“ABD’de Demokrasinin Durumu” başlıklı raporda, Amerikan demokrasinin kusurlu olduğu ve ülkenin demokrasiyi suistimal ettiği ve kendi modelini ihraç girişimlerinin dünyaya zarar verdiği öne sürüldü.
Raporda, tarihsel süreç için ABD’de demokrasinin gelişiminin ileri bir adım olduğunu ama yıllar içinde yabancılaştığı ve yozlaştığı, başlangıçtaki özünden ve özgün tasarımından uzaklaştığı savunuldu.
Amerikan demokrasisinin temelini oluşturan temsil kurumlarının yozlaşmasının, paranın ve ekonomik gücün yegane belirleyici olduğu bir sistem yarattığına dikkat çekilen raporda, yerleşik çıkarları temsil eden siyasi partilerin küçük bir azınlığın çoğunluğa hükmetmesi sonucunu doğurduğu belirtildi.
Raporda ayrıca, muhalefet ve karşı oy esasına dayalı çok partili sistemin karar alma süreçlerini aksattığı görüşü dile getirildi.
ABD’nin kendi kusurlu demokrasi modelinin başka ülkelere dayatmaya çalışmasının felaketlere yol açtığının ileri sürüldüğü raporda, şu ifadelere yer verildi:
“Demokrasi tüm insanlığın ortak değeridir. Az sayıdaki ülkenin imtiyazı değil tüm ülkelerin hakkıdır. Çok farklı biçimleri olan demokrasinin herkese uyacak tek modeli yoktur. Dünyadaki farklı siyasal sistemleri tek ölçüye göre değerlendirmek, farklı siyasi uygarlıklara tek perspektiften bakmak demokratik değildir.”
ABD’nin “demokrasi sözcülüğüne” tepki
Çin, son dönemde ABD’nin “Demokrasi Zirvesi” girişiminin kendisini ve bir grup ülkeyi dışlamasına tepki olarak, Washington’ın “demokrasinin sözcüsü” olduğu varsayımına eleştiri yöneltiyor.

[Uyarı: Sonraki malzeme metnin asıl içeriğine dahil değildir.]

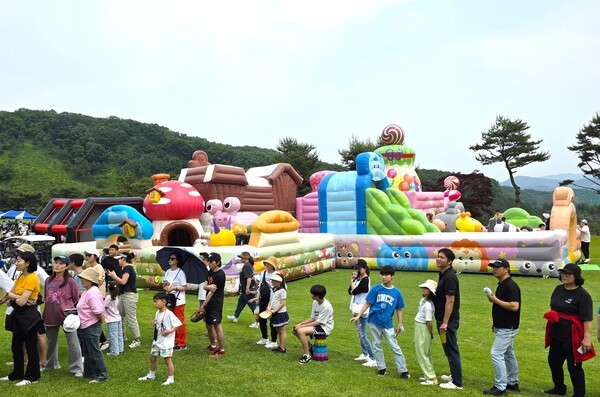 서원밸리 그린콘서트에서는 다양한 체험 프로그램을 선사해 관람객을 즐겁고 행복한 시간으로 만들어 주었다. 페이웨이에 설치된 에어놀이시설에 어린이를 동반한 가족단위 관람객들이 많이 몰렸다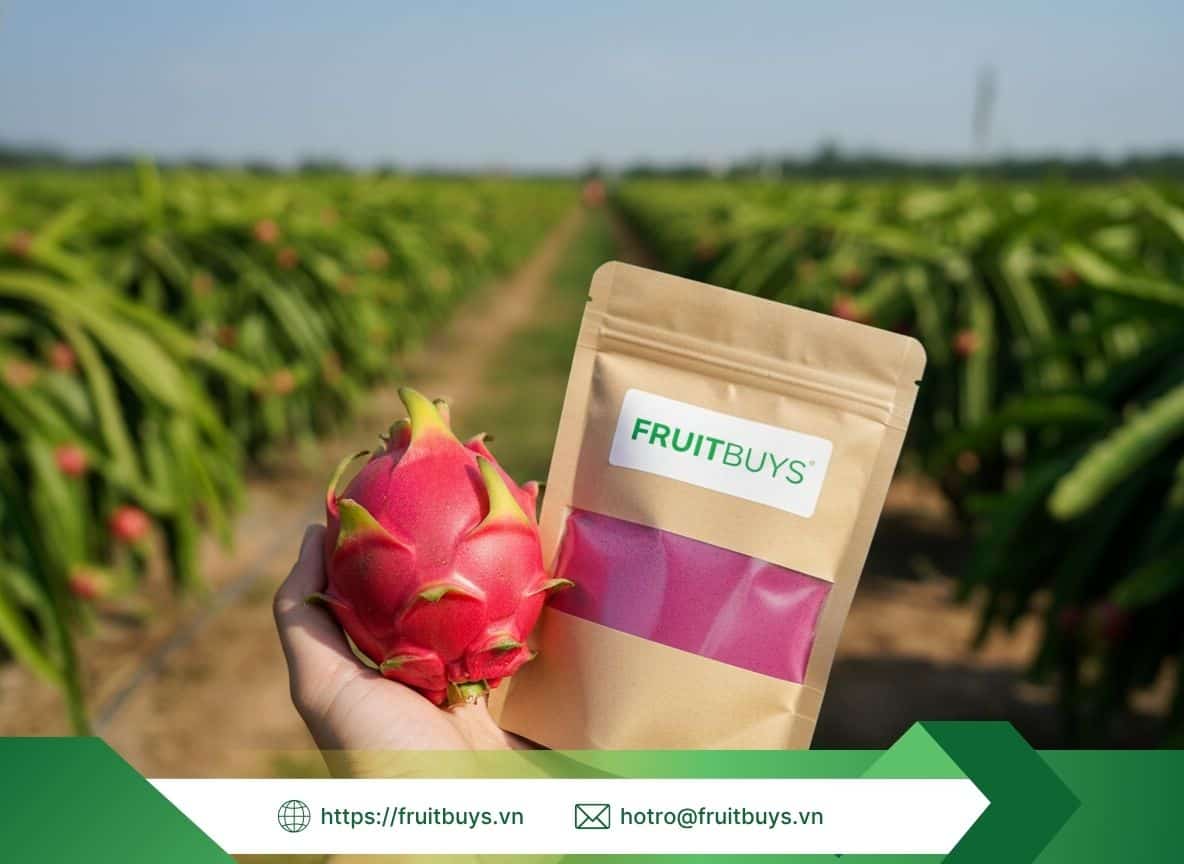 Bột Thanh Long Sấy Thăng Hoa 25117 (11)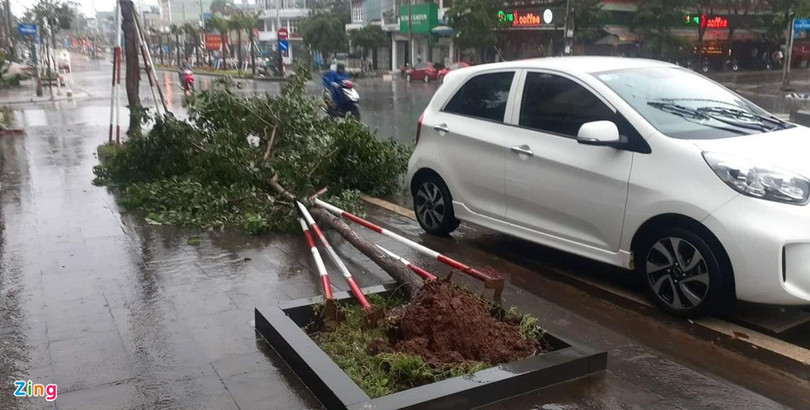 Bão số 9 tàn phá các tỉnh miền Trung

Çin’de kabine işlevini yerine getiren Devlet Konseyi, 4 Aralık’ta yayımladığı “Çin: İşleyen Demokrasi” başlıklı raporda, “tüm süreç demokrasisi” olarak tanımlanan Komünist Partinin tek parti rejiminin kurumsal işleyiş, temsilde adalet, karar almada etkinlik ve ortak iyiliğe hizmet bakımından ABD’nin çok partili parlamenter sisteminden üstün özelliklere sahip olduğu savunulmuştu.